Image-caption web data
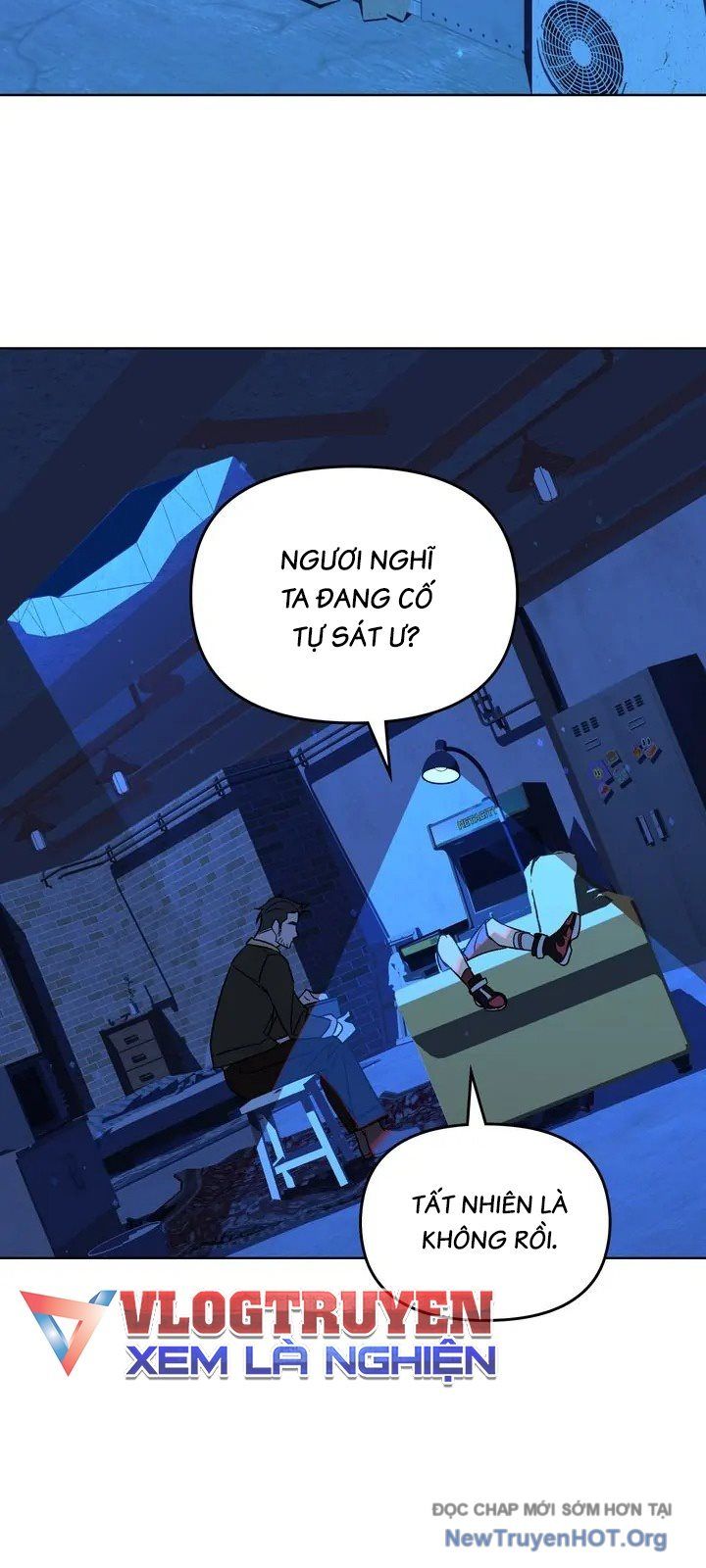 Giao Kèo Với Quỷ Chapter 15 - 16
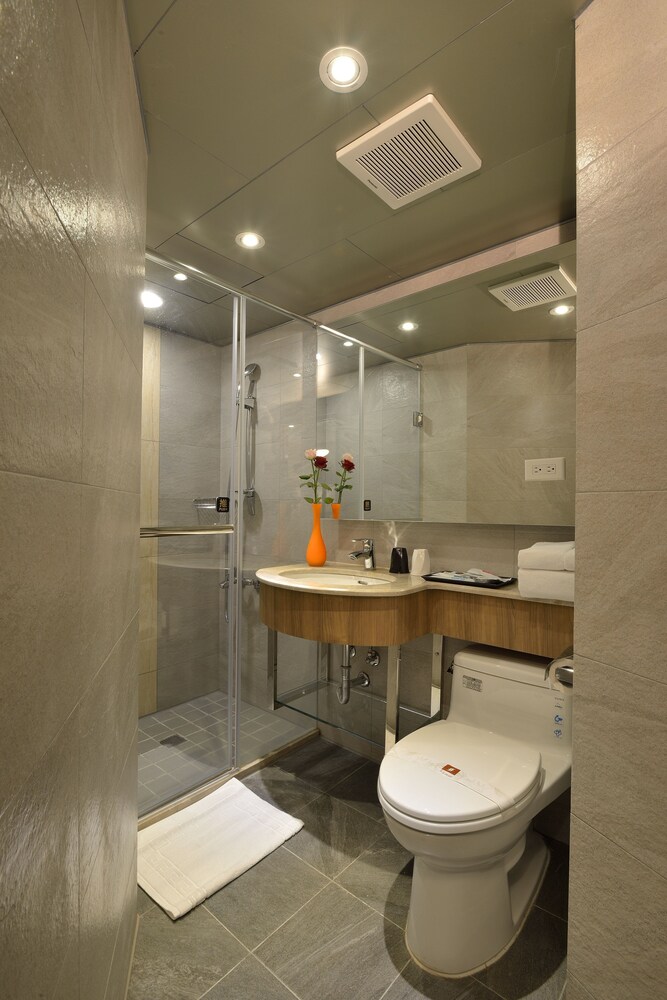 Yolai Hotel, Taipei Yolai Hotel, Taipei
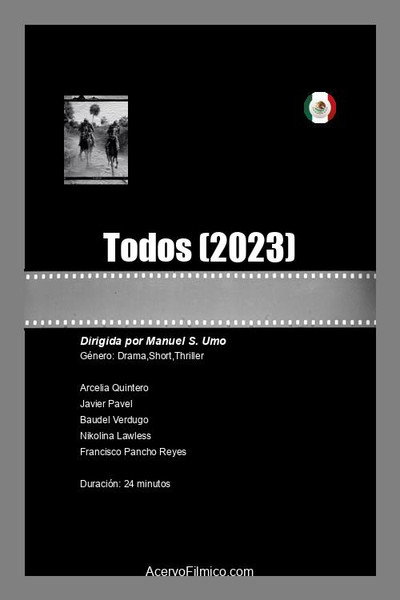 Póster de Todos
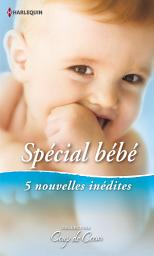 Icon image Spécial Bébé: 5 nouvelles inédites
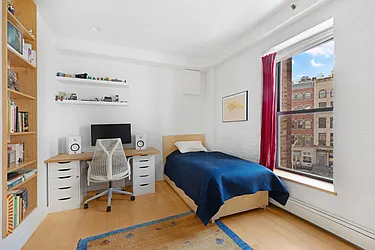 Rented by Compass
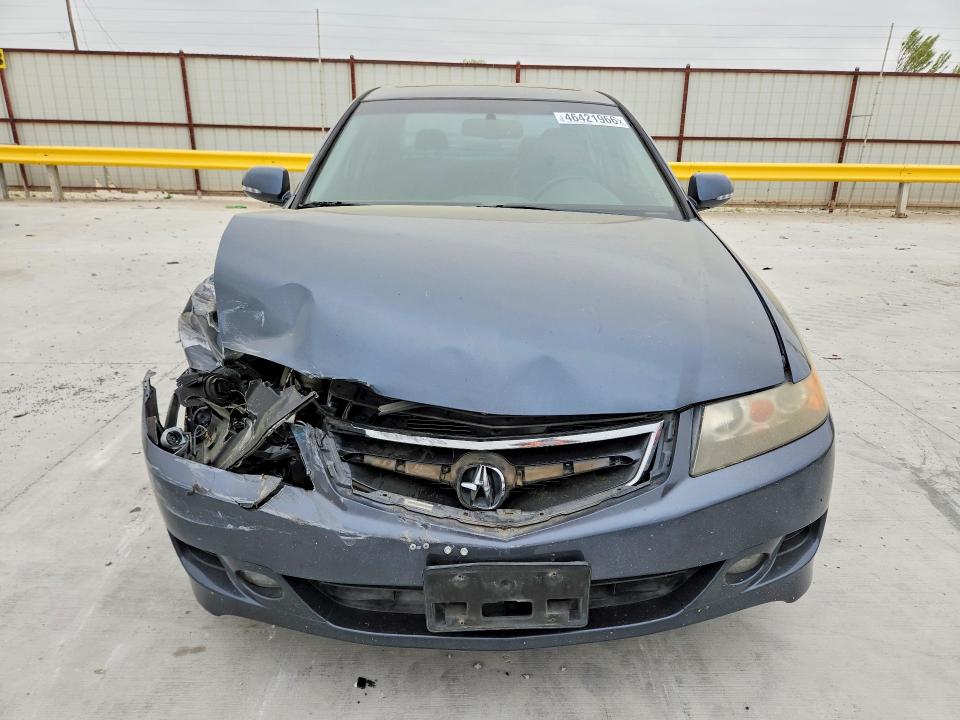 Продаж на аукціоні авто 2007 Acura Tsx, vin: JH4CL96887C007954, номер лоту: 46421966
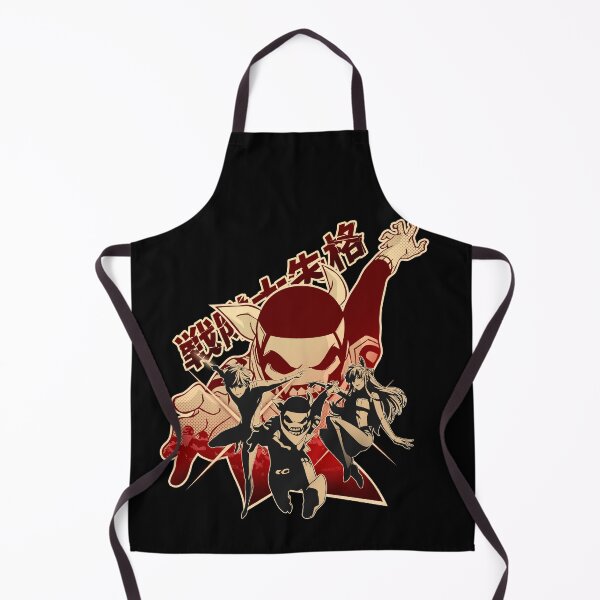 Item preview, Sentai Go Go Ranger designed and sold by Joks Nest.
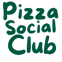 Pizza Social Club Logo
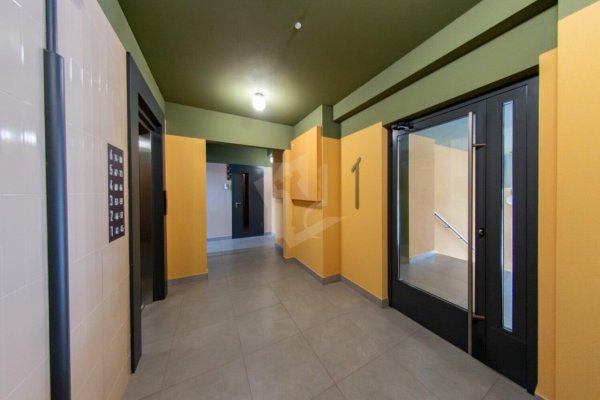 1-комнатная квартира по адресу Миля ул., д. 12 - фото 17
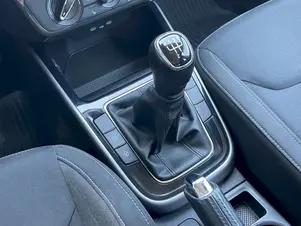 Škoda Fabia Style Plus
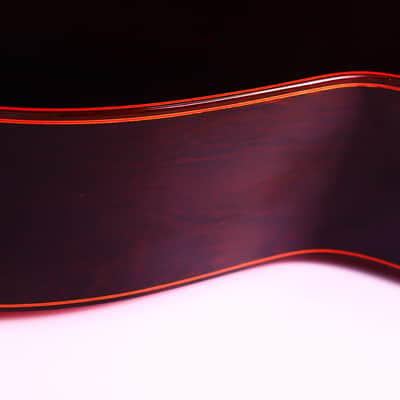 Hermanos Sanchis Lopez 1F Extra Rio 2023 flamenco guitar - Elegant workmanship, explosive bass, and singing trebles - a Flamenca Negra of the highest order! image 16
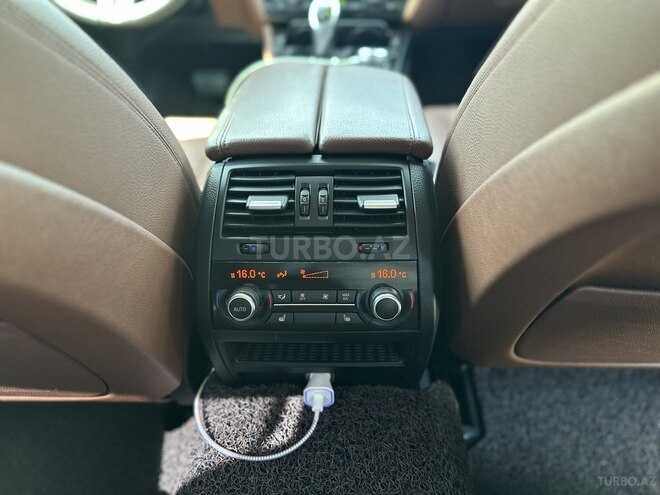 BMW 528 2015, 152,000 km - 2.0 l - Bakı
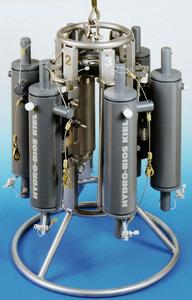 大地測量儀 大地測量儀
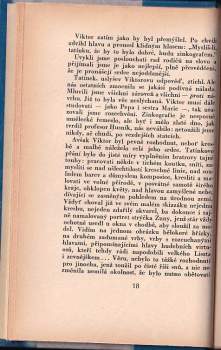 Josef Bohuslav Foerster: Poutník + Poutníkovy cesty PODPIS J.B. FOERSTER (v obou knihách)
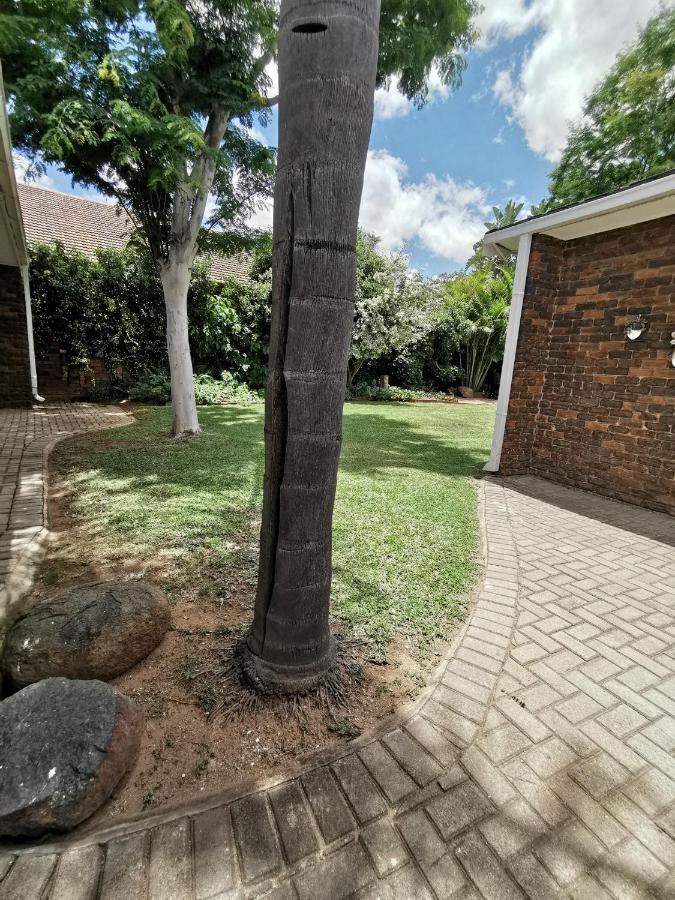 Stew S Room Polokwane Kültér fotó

Task requirements
Copy only the part of the records that runs from the first line to the line with "Škoda Fabia Style Plus", ends included, leaving pictures out.

Solved problem
 Giao Kèo Với Quỷ Chapter 15 - 16
 Yolai Hotel, Taipei Yolai Hotel, Taipei
 Póster de Todos
 Icon image Spécial Bébé: 5 nouvelles inédites
 Rented by Compass
 Продаж на аукціоні авто 2007 Acura Tsx, vin: JH4CL96887C007954, номер лоту: 46421966
 Item preview, Sentai Go Go Ranger designed and sold by Joks Nest.
 Pizza Social Club Logo
 1-комнатная квартира по адресу Миля ул., д. 12 - фото 17
 Škoda Fabia Style Plus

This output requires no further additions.